# Green Beacon - Wayfarer USA



## Mat B (1/7/16)

Has anyone tried this beer? I had it at Brisbane Airport, and understand Green Beacon is a local microbrewery there. I really enjoyed it and wouldn't mind having a crack at cloning it.

Interested to see if anyone has any idea what hops is in it? From what I've read it's a wheat ale, but suspect this is only around 20% as it doesn't taste that wheaty. Very citrusy and has some passionfruit to it. Maybe has citra hops..?


----------



## Liam_snorkel (1/7/16)

just guessing but you could try maybe citra & galaxy

they give some hints on the website:

_ABV: 4.9% Yeast: American Ale EBC: 8 IBU: 21
Bursting with hop aromas of fresh tropical fruit and intense flavours of lemon, pineapple, passionfruit and a hint of coconut, Flaked and malted wheat give a creamy mouthfeel and finish._


----------



## Ducatiboy stu (1/7/16)

I almost read "Green Bacon"......and thought...who would want green bacon ?


----------



## n87 (1/7/16)

Ducatiboy stu said:


> I almost read "Green Bacon"......and thought...who would want green bacon ?


Goes better with green eggs than plain, boring old ham


----------



## Bribie G (1/7/16)

Top brewery, when I was there a couple of years ago, the head brewer was an AHB member, can't remember who for the life of me but Tidal Pete might know. Had a long chat about stouts.

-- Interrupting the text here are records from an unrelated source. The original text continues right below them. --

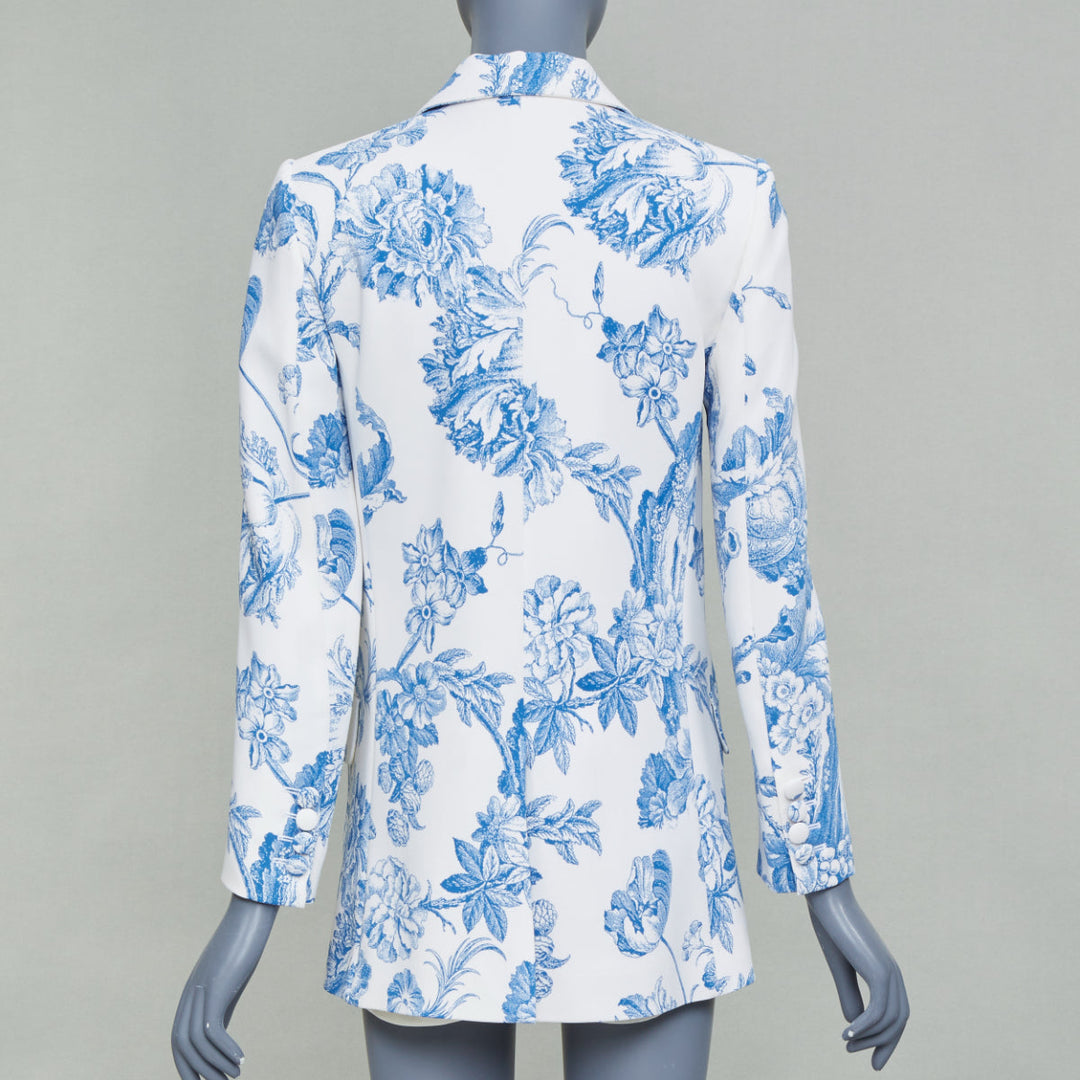 OSCAR DE LA RENTA R19 ivory blue floral toile silk blend blazer jacket US0 XS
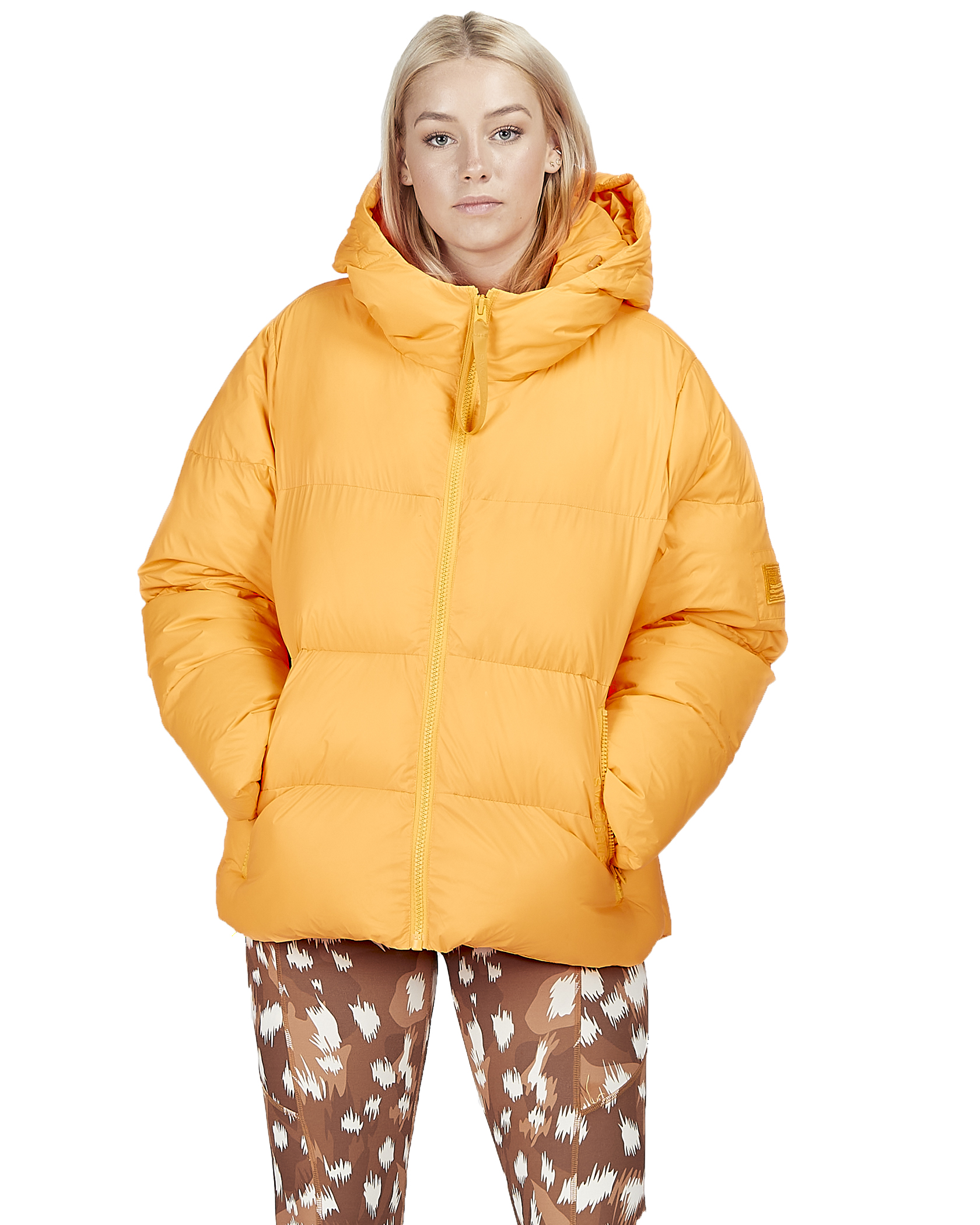 Svea Short Padded Hood Jacket W Vivid Orange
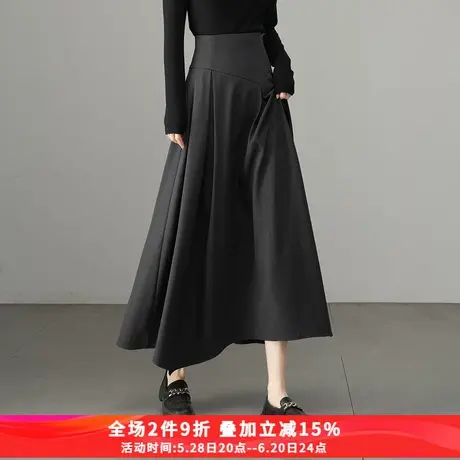 娅丽达不规则百褶半身裙女2025春季新款裙子显瘦伞裙高腰a字长裙图片
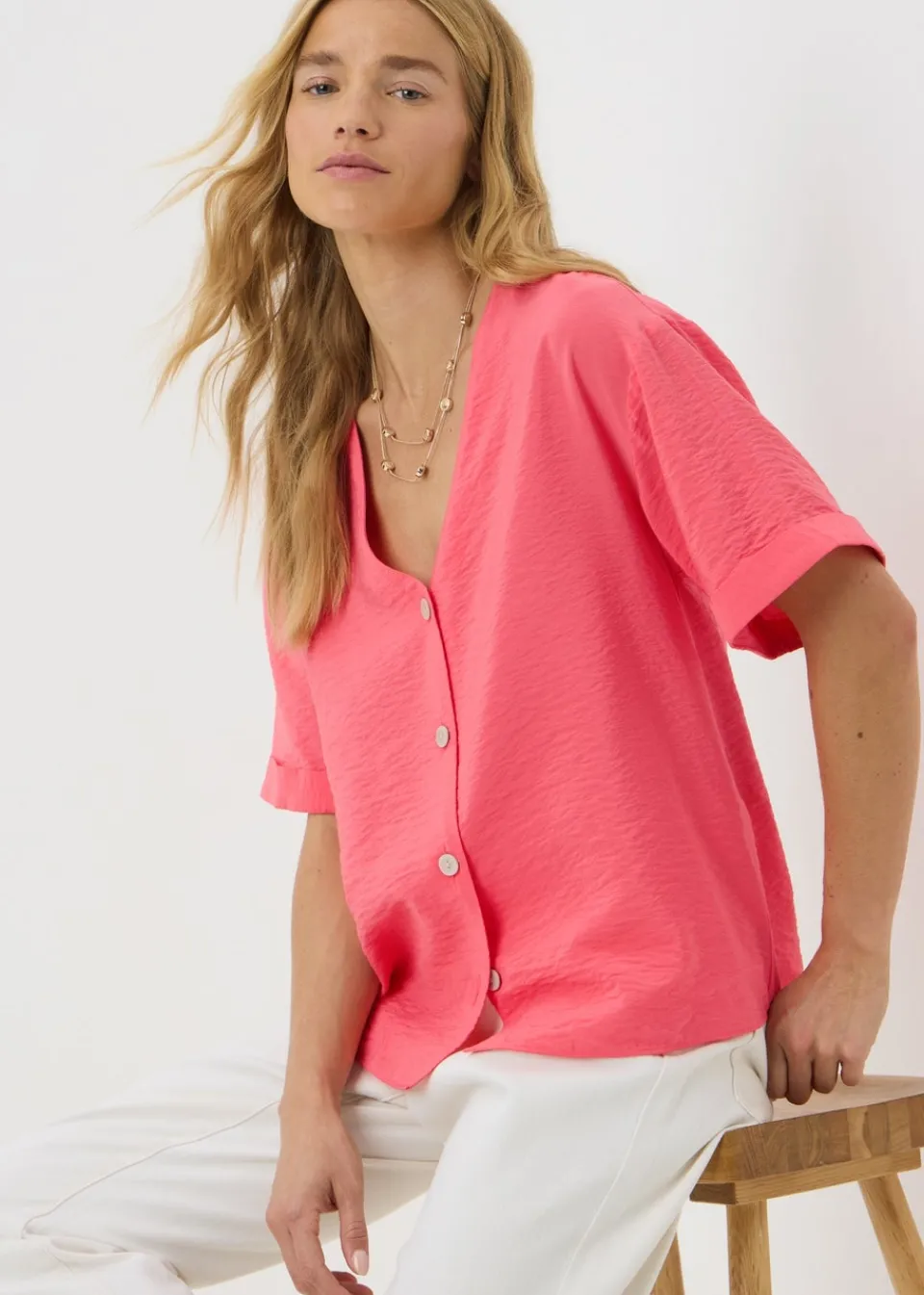 Tops>Papaya Coral Short Sleeve V-Neck Shirt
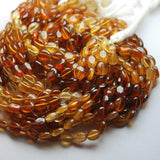 2 Strand Hessonite Garnet Natural Smooth Oval Gemstone Loose Beads 6mm 8mm 13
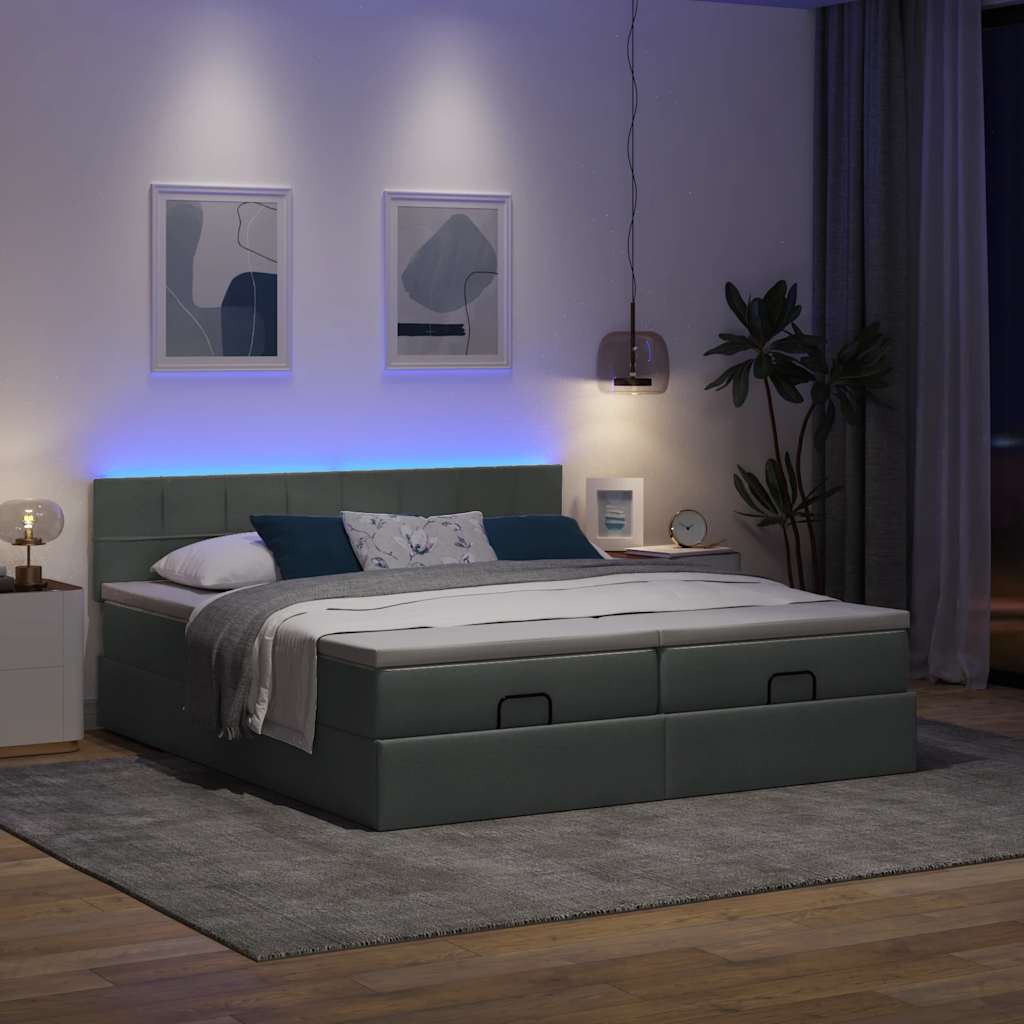 Ottoman bed met matrassen en LED's 200x200cm stof donkergrijs is nu te koop bij PeponiXL, paradijselijk wonen!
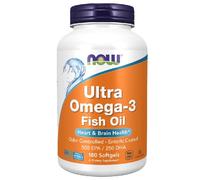 NOW Foods Ultra Omega 3 500 EPA/250 DHA 180 Softgels | Fish Oils Cardio Support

edit: Pete informs me, and now I remember: Johannes from BABBs but not sure if he's on the forum. Anyway a true German Braumeister.


----------



## manticle (1/7/16)

I got excited about green bacon.


----------



## timmi9191 (1/7/16)

Ducatiboy stu said:


> I almost read "Green Bacon"......and thought...who would want green bacon ?


Sam?


----------



## manticle (1/7/16)

Macon?


----------



## Droopy Brew (20/7/16)

Drinking this now. I reckon there is some simcoe in there - I detect pine but mostly tropical fruits. Simcoe, Galaxy, citra and Amarillo -a combination of some or all would be my guess.


----------